If Lemieux had been healthy and cancer-free, he’d have scored 1,000 goals. (To be exact, had Lemieux played as many games as Ovechkin and Gretzky and maintained his career average of .75 goals per game, Lemieux would have scored 1,119 goals. Ovechkin and Gretzky are each at .60 goals per game.)
But Ovechkin is a worthy king, a class act and, at 39, somehow still the face of the NHL along with Sidney Crosby, 37. Whatever it is Ovechkin and Crosby still have, Connor McDavid and Nathan MacKinnon never got. (McDavid’s a sourpuss. Nobody likes a sourpuss.)
The reaction to Ovechkin breaking the record this past Sunday was so typically hockey.
As was the buildup: Respectably done, but never really kicking into overdrive. Hockey hype doesn’t have that extra gear.
The NHL’s reaction reel included the mandatory smattering of female athletes as well as actor Dave Coulier. If we were going to hear from a “Full House” cast member, give me Bob Saget (X-rated version). Gone but not forgotten.

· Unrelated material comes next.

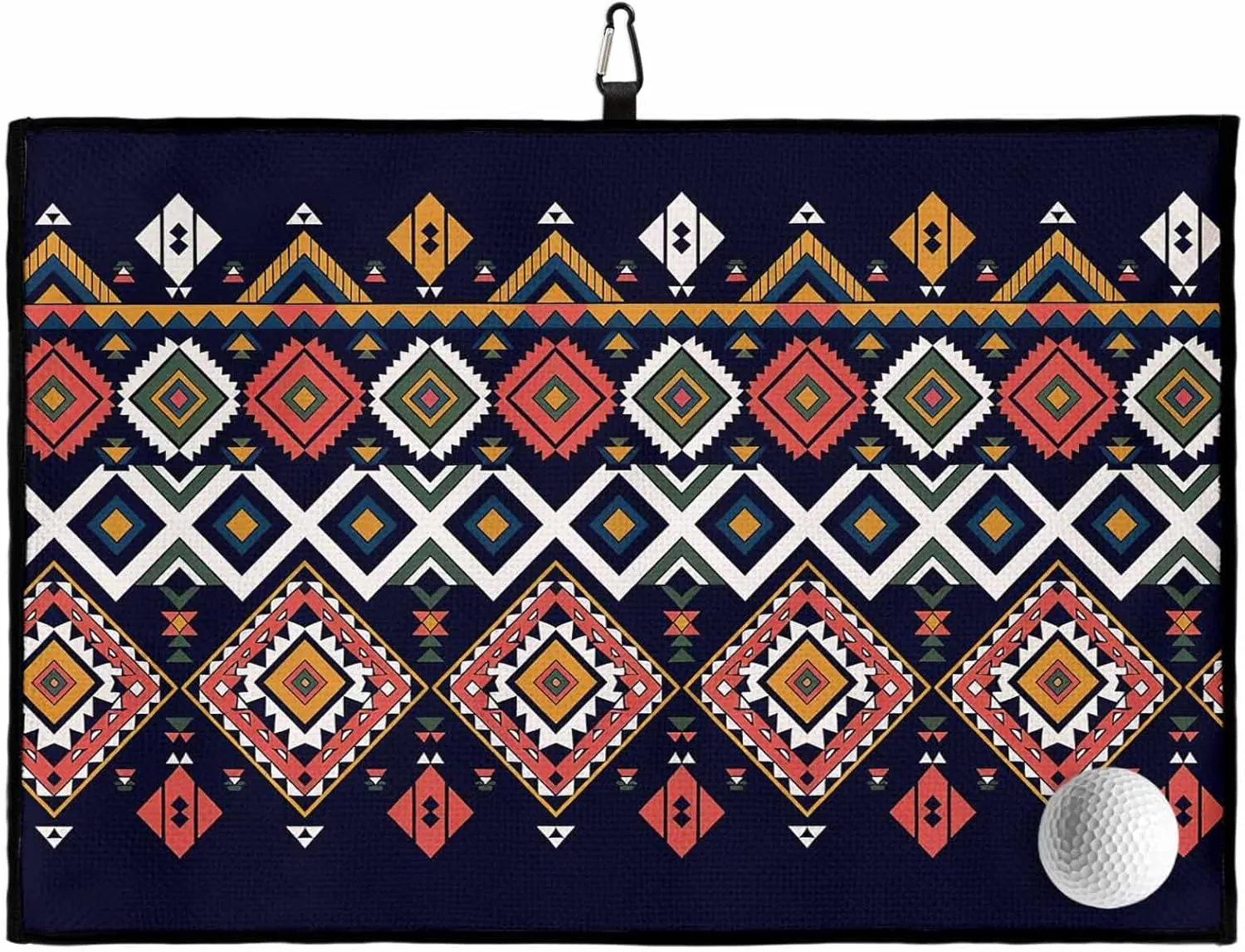 Vintage Aztec Tribal Pattern Golf Towels 24x16in, Absorbent Microfiber Waffle Pattern Golf Towel with Carabiner Clip Abstract Geometric on Black Cleaning Cloth for Ball Club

Stephen A. Smith, who hates hockey, tried to talk about Ovechkin making history on ESPN’s “First Take.” Smith, Shannon Sharpe and ex-NHL player P.K. Subban quickly transitioned into comparing LeBron James, Michael Jordan and Kobe Bryant. In a segment intended to discuss Ovechkin. It was surreal. ESPN is all LeBron, all the time.
Where will Ovechkin go from here?
He’s 39. He has 895 goals. He has 42 goals in 61 games this season despite missing six weeks with a broken leg. Can Ovechkin get to 1,000 goals?
What about Ovechkin’s Washington Capitals? They’re a surprising No. 1 seed in the Eastern Conference this season after being the final team to qualify for last year’s playoffs.
Will the Capitals’ adrenaline dissipate after driving Ovechkin to his record? Will Ovechkin exhale, then fade? The Capitals haven’t won a playoff series since winning the Stanley Cup in 2018.
Gretzky jumped on the Ovechkin train as it neared the final stop and was, unsurprisingly, pure class.
Ovechkin’s chase was a reminder that NHL players aren’t jerks. As opposed to pretty much every other pro league.